Of the 84% of companies that cited climate change as a sustainability issue, less than half actually integrated the risks and measures into their operations.
Making disclosures as part of the environmental, social and governance (ESG) requirements is the first step on the ESG maturing journey.
Integrating and turning sustainability commitments into action should be part of the core business strategy essential for trust building among investors.
These were the findings of a joint study undertaken by PwC Singapore and the Centre for Governance and Sustainability at the National University of Singapore Business School.
Mare than 650 companies in Asia-Pacific were part of the study on understanding ESG sustainability reporting requirements.

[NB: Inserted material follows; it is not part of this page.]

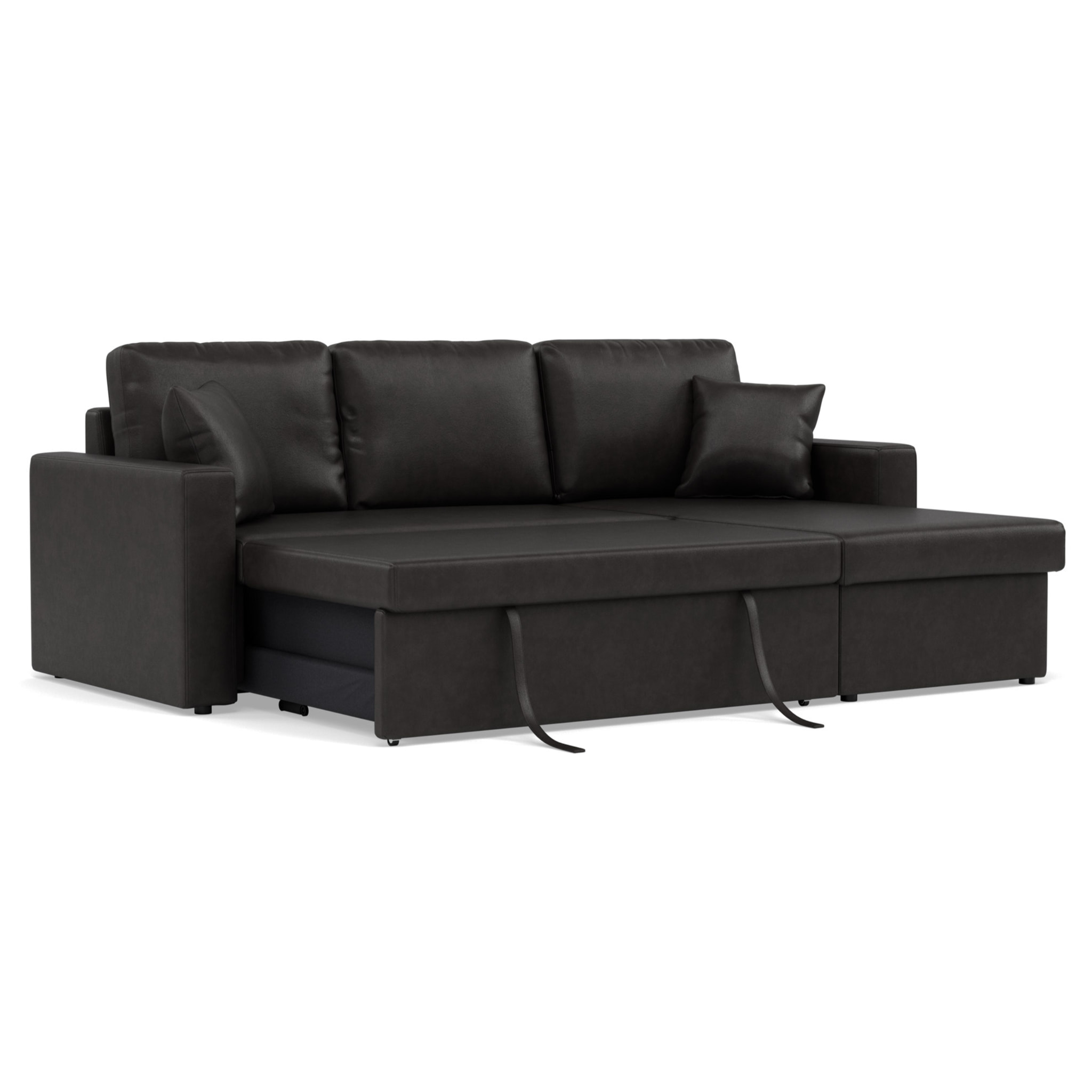Cyrus - Canapé d'angle réversible 4 places - convertible avec coffre - en simili - Noir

Hopefully, with the new sustainability reporting regulations and requirements expected to be introduced in countries across Asia-Pacific, there will be more widespread understanding and implementation.
The report said 80% of companies disclosed their sustainability targets, 75% disclosed their ESG governance structure and 67% disclosed their board of directors’ responsibility for sustainability.
There is some way to go as only 24% of companies had disclosed ESG-related training for their board of directors and only 16% saw the linkage of ESG performance to their remuneration of their top executives.
While 81% of companies disclosed their stakeholder agreement channels, only 46% addressed stakeholder concerns and 37% obtained external assurance from independent parties for their ESG disclosures, said the report.